§ **INFORMATION SUPPLIED**
Start of Block

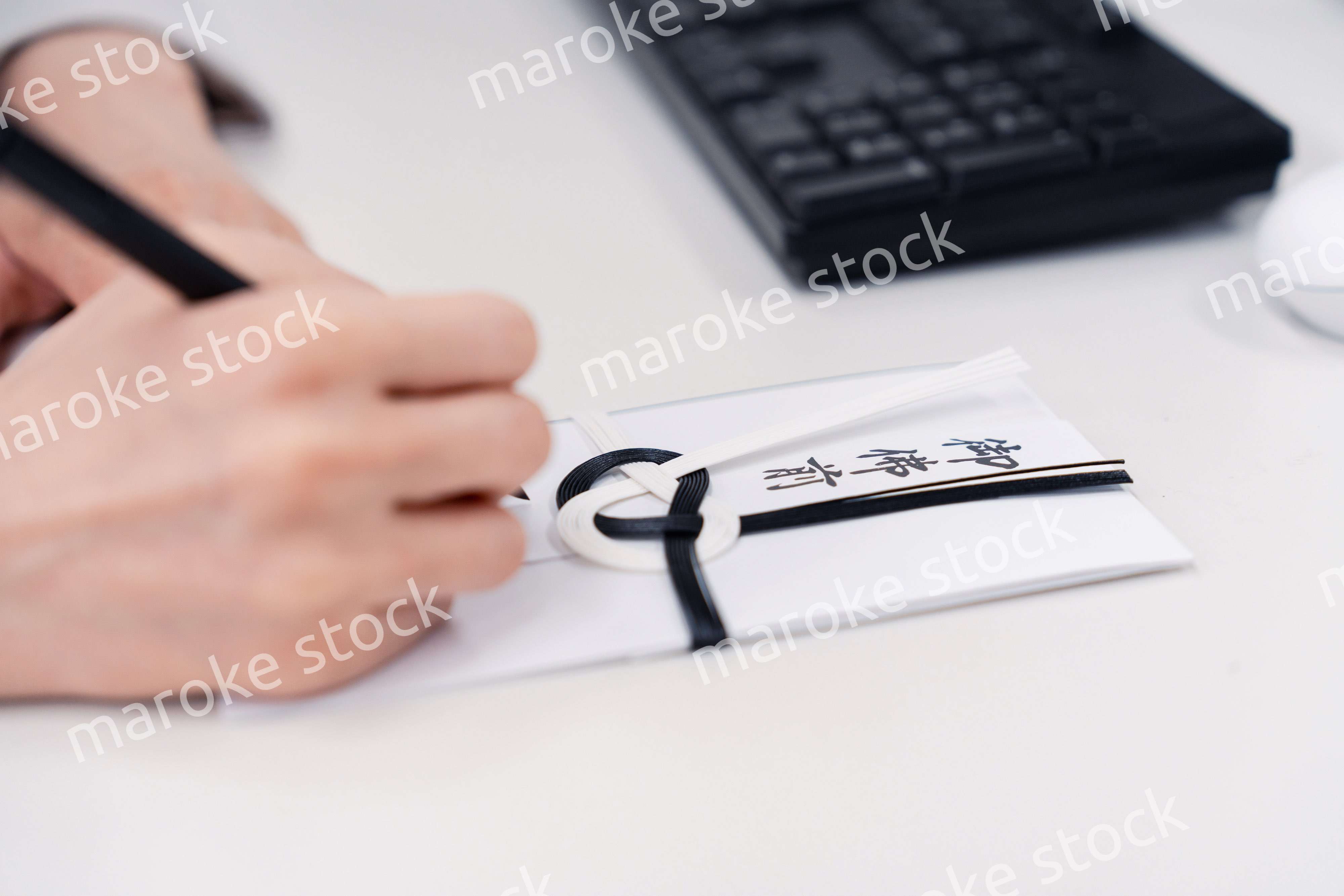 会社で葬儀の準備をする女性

End of Block
Start of Block

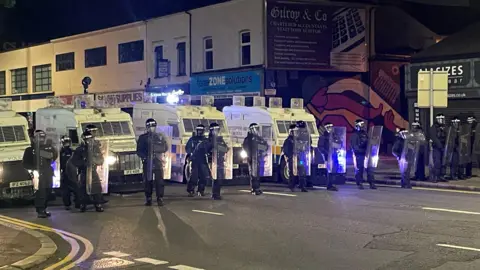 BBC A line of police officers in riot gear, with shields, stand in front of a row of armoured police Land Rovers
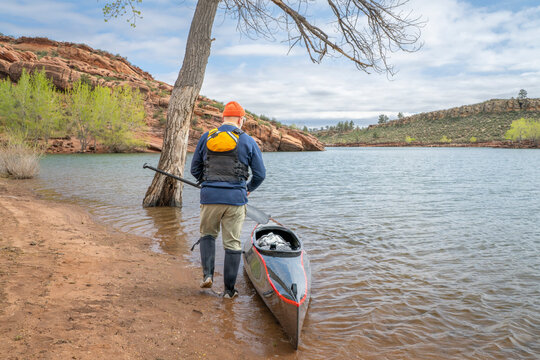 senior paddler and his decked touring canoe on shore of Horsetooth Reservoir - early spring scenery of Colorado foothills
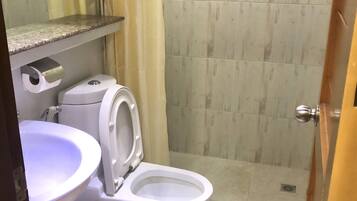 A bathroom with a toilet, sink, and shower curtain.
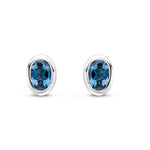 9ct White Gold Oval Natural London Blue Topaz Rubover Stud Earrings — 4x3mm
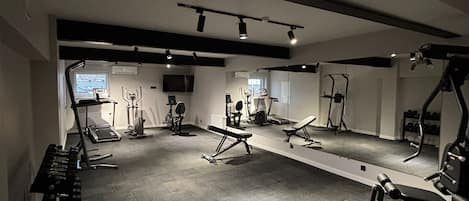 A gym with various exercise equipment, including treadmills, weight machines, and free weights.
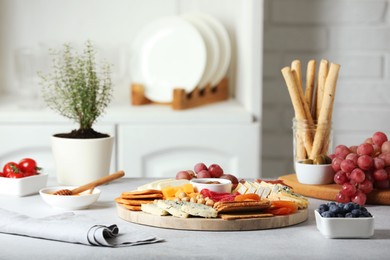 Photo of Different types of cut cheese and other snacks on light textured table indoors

End of Block

§ **PROBLEM DESCRIPTION**
For this exercise, return exactly the lines above from the line with "A gym with various" through the line with "Photo of Different", both included. Do not copy the pictures.

§ **EXERCISE ANSWER**
 A gym with various exercise equipment, including treadmills, weight machines, and free weights.
 Photo of Different types of cut cheese and other snacks on light textured table indoors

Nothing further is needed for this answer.